The Plants

For the average garden pool a selection from the many varieties obtainable of hardy and tender Nymphaeas will be found most satisfactory.

These may be planted just as they start into growth, usually about May 1 in the vicinity of Philadelphia; at that time all danger of frost is over and even the tender kinds may be safely set out.

Only sufficient fresh water need be supplied to the pool to provide for that lost through evaporation.

The Nelumbiums are very handsome, of easy culture and well suited to large pools. Other good aquatic plants are the Water Hyacinth, Water Snowflake, Papyrus or Umbrella Plant.

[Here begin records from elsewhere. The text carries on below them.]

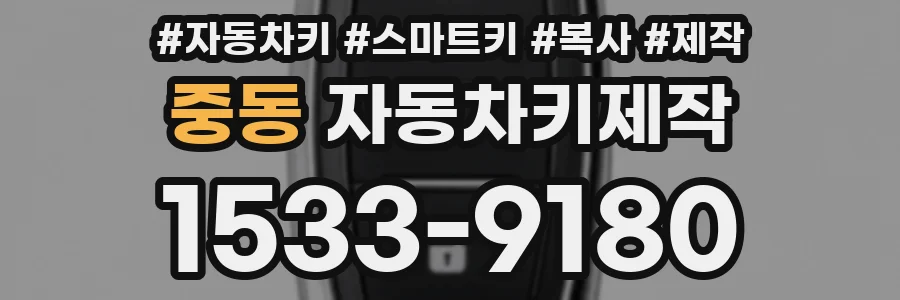 중동 자동차키제작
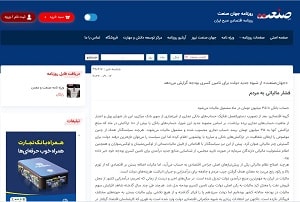 jahane-sanat-daily-iran-Sep2022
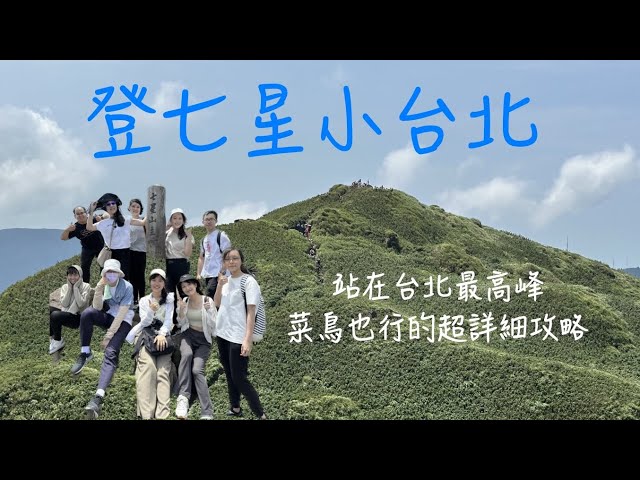 七星山主峰｜七星山東峰｜小油坑｜夢幻湖｜陽明山國家公園｜台北景點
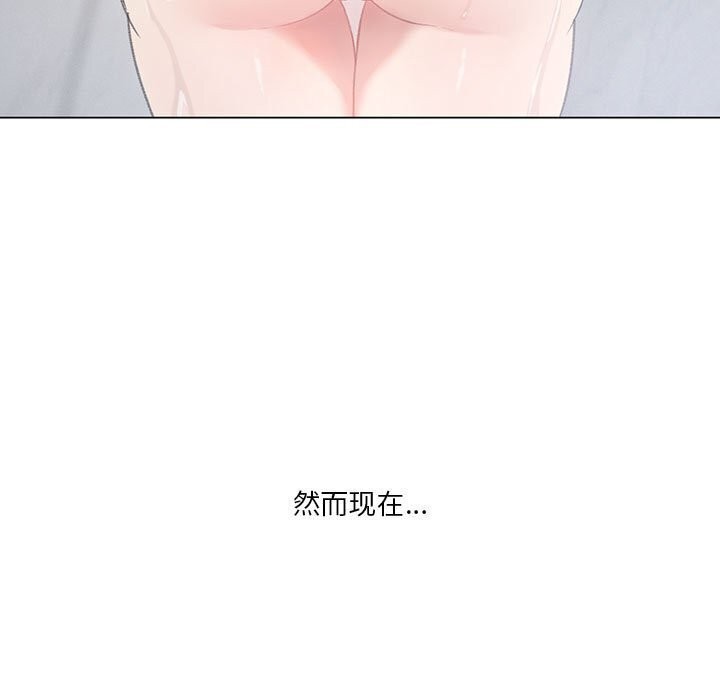 第26话 - 第17.jpg页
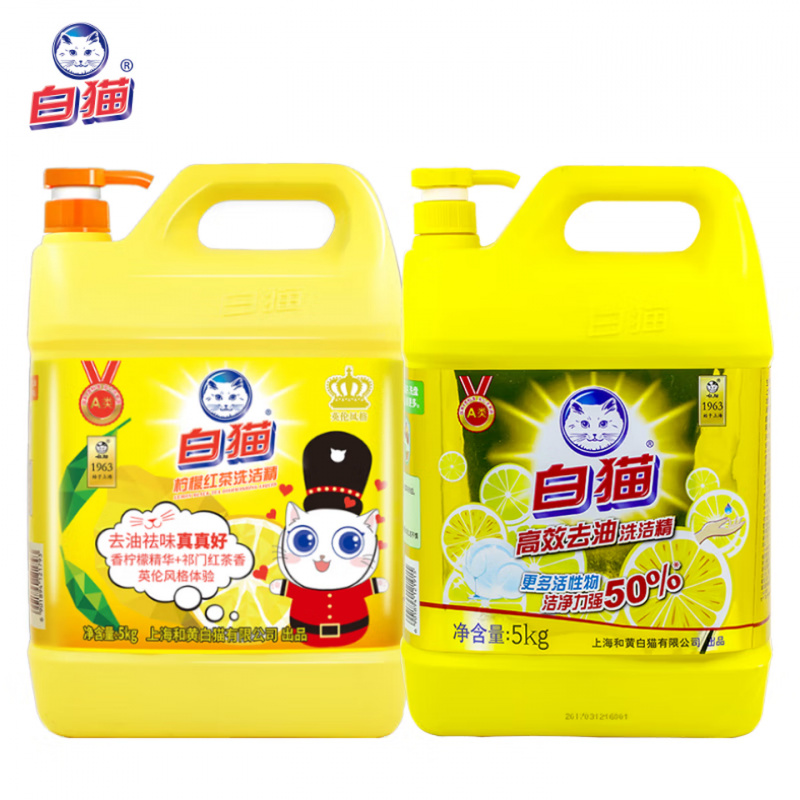 白猫 柠檬去油洗洁精 洗涤清洁剂 大桶装 20kg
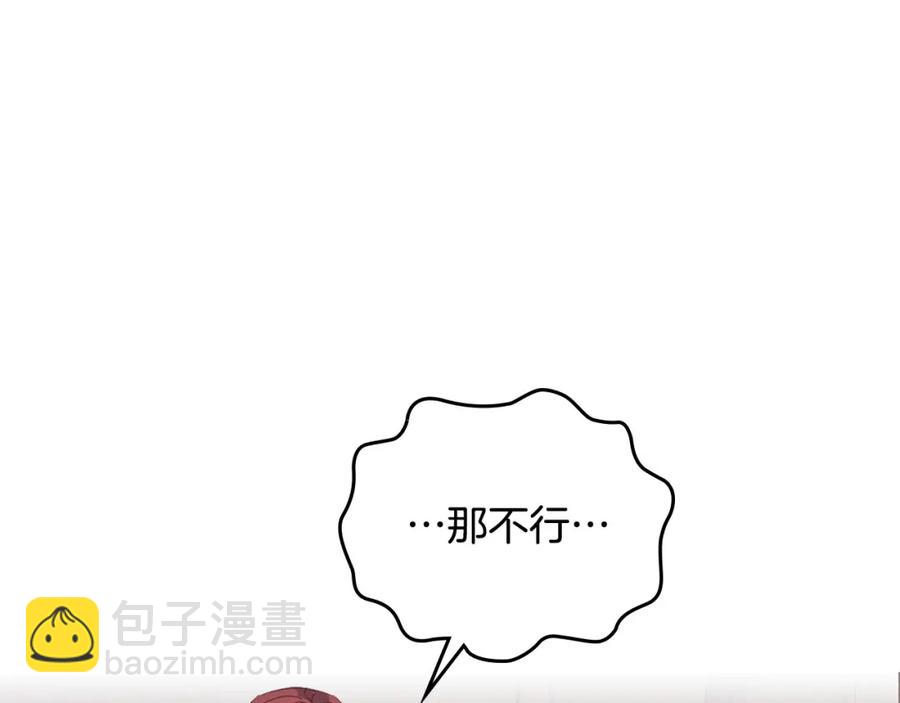 第130话 阻止她结婚！149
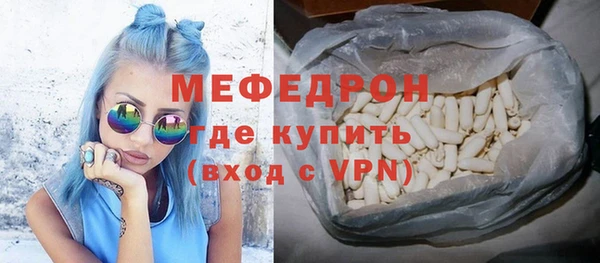 амф Армянск
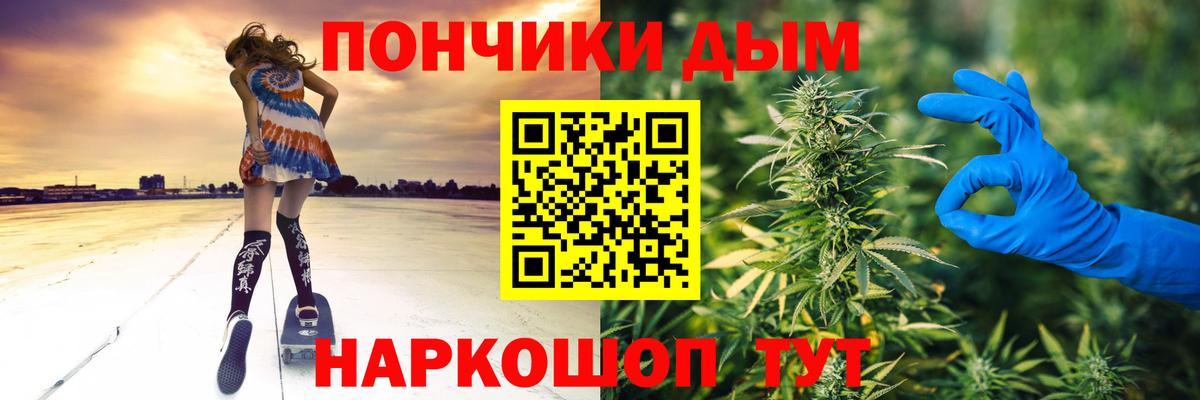 Экстази Глазов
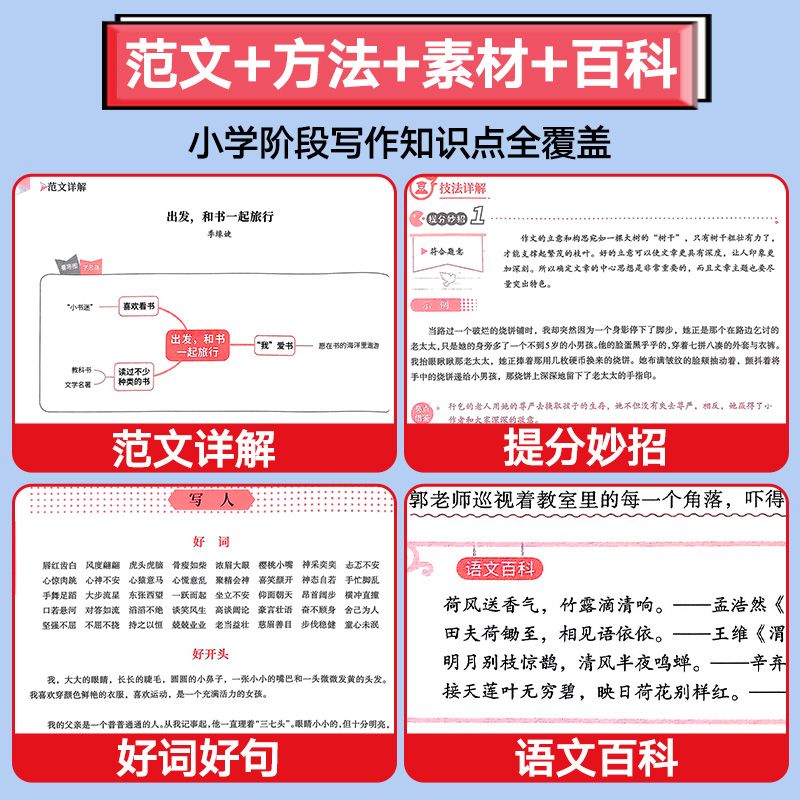 大全集小学作文100篇 小学通用 [正版]顶呱呱小学生满分作文1000篇大全集满分分类作文同步作文大全作文百科全书大全集高清大图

The hardy varieties may be left in the pool all Winter; but they require a protection of leaves, with evergreen boughs or boards over them to keep the leaves in place.


It is well to stock garden pools with goldfish to destroy mosquito larvae, and to add the requisite touch of life and color.

Swimming Pools

The loss of so many of the old-time swimming holes has developed a demand for the artificial swimming pool.

Fig. 143.   Swimming pool within the garden area. Gray sandstone coping to match the walls and steps

Fig. 143. - Swimming pool within the garden area. Gray sandstone coping to match the walls and steps.

Such pools may often be placed within the garden area (Fig. 143).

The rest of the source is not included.